Bandontherun - very good topic and thread discussion. Being a one man show, performer, engineer, mixer, mastererer is a formidable endeavor without doubt. You are aspiring to something that can be learned (mixing) but you already possess something that cannot (talent). Your mixes are not bad at all as Danny pointed out, a little tweaking here and there and you are golden. Your performances, on the other hand, are really top notch and that is something that is given to you, not learned. Sure, you can fine-tune your skills, but without the underlying talent you are just spinning your wheels. If I were coached by the world's greatest vocal coach, I would still be a horrible singer because I do not possess any vocal talent to build from.

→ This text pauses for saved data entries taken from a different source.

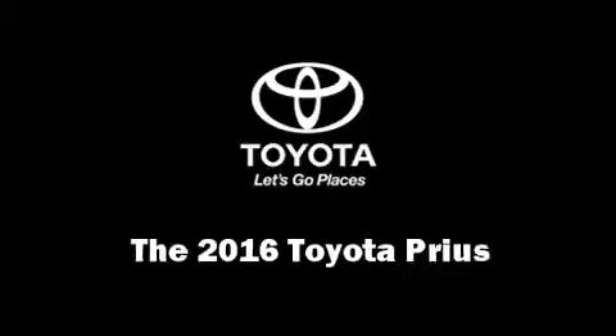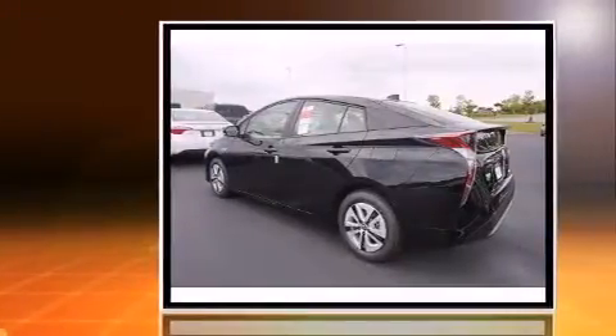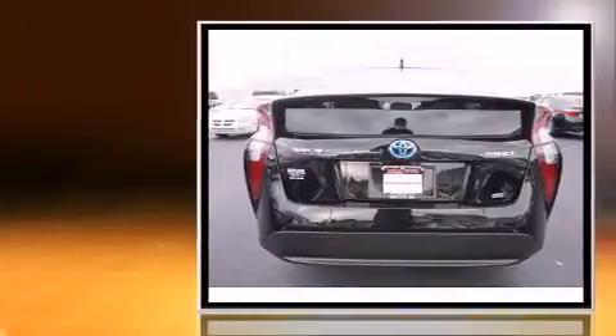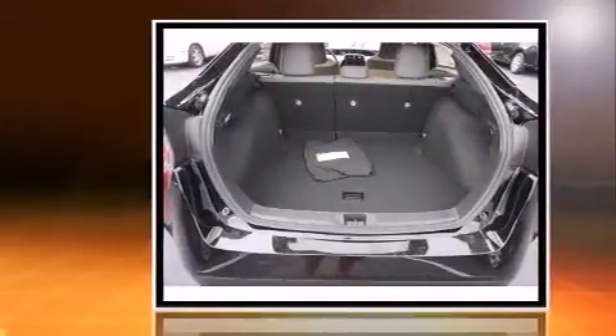The 2016 Toyota Prius achieves smooth gear shifts thanks to its efficient four-cylinder engine. For added security, dynamic stability control supplements the drivetrain. Top features include air conditioning, a trip computer, fully automatic headlights, and heated door mirrors.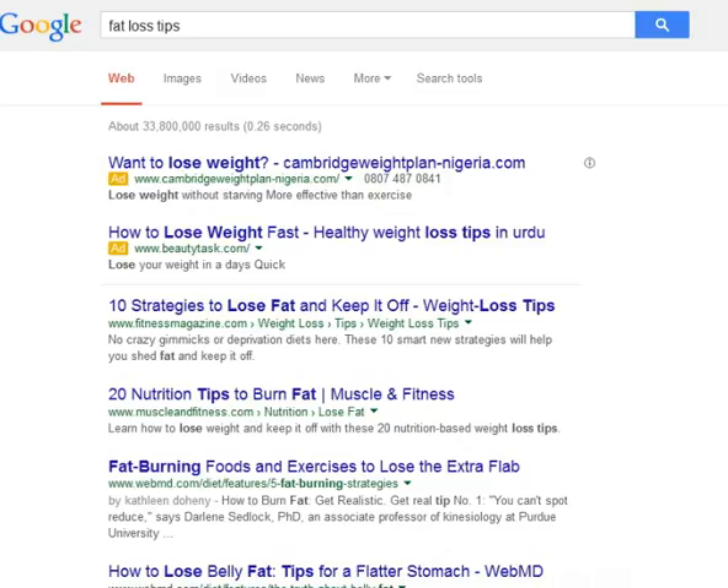Healthy diet: a guide to weight loss. I want to show you some weight loss diet tips that can be followed anywhere, every day.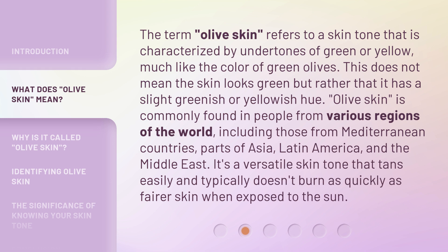The term olive skin refers to a skin tone that is characterized by undertones of green or yellow, much like the color of green olives. This does not mean the skin looks green, but rather that it has a slight greenish or yellowish hue. Olive skin is commonly found in people from various regions of the world, including those from Mediterranean countries, parts of Asia, Latin America, and the Middle East. It's a versatile skin tone that tans easily and typically doesn't burn as quickly as fairer skin when exposed to the sun.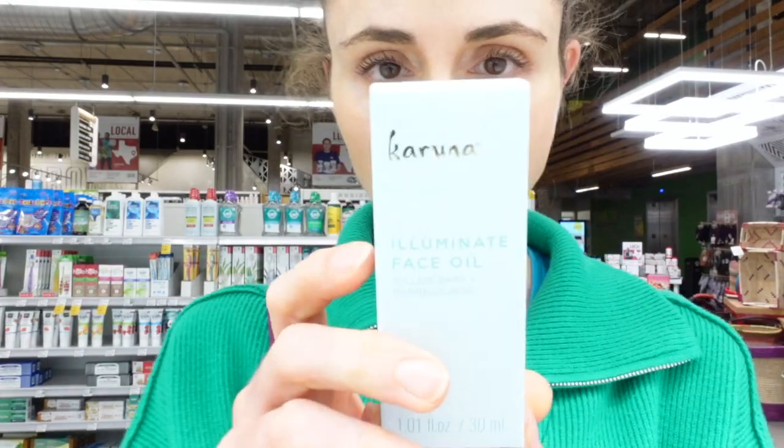They have this brand, Karuna. Fun fact — about seven or eight years ago, I tried a Karuna face mask, really liked it, and bought several of them. Did them multiple times, and then completely forgot about it. But they have this Illuminate face oil.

Looking at Performance vs Engineering/Recording, vs Mix and Mastering. Take for example, the recent post of Queen's "Making of Bohemian Rhapsody" in the Techniques Forum. Clearly the 4 guys in Queen had tremendous talent, Freddie inparticular. If you have the 24-track multi-track, available on the Internet, listen to the individual instruments, they are not great recordings. The performances are good, but certain aspects of the recordings are pretty bad when they stand alone. It is the full rendering of the individual performaces into the full song that makes it shine. The piano sounds like a cheap upright piano when solo'd, the guitar is out of tune and sounds pretty bad solo'd, drums are Ok but Superior Drummer samples are much better, only the Bass and Vocals (particularly Freddy) sound exceptional when solo'd. Bohemian Rhapsody is a good example that if you have good/great performances, you can create something really exceptional even with mediocre recordings. In the case of Bohemian Rhapsody, the mix engineer is able to combine these mediocre tracks (except for vocals and bass- they are pretty outstanding solo'd) into something that has become a masterpiece to some, that has stood the test of time even by todays' technology standards. I have heard that song a million times since 1975 and I would never have guessed that the piano sounded like my grandmother's 1930's upright piano (slightly out of tune) and the guitar tracks were out of tune in places and sounded like one of my early guitar lessons;) You just don't hear it in the full recording. The piano sounds like a Steinway and the guitars sound amazing. By the standards of the day in 1974/1975, the recordings were well done but anyone with a decent computer, sound card, plug-ins, etc... can acheive the same or better standards at home today.
So my point is, anyone is capable of producing high quality recordings if they have 1) talent, and or, talented collaborators 2) a way to capture the talent and 3) an understand the basics of mixing. You my friend, already have all these elements, and I would say the most valuable of the elements, talent.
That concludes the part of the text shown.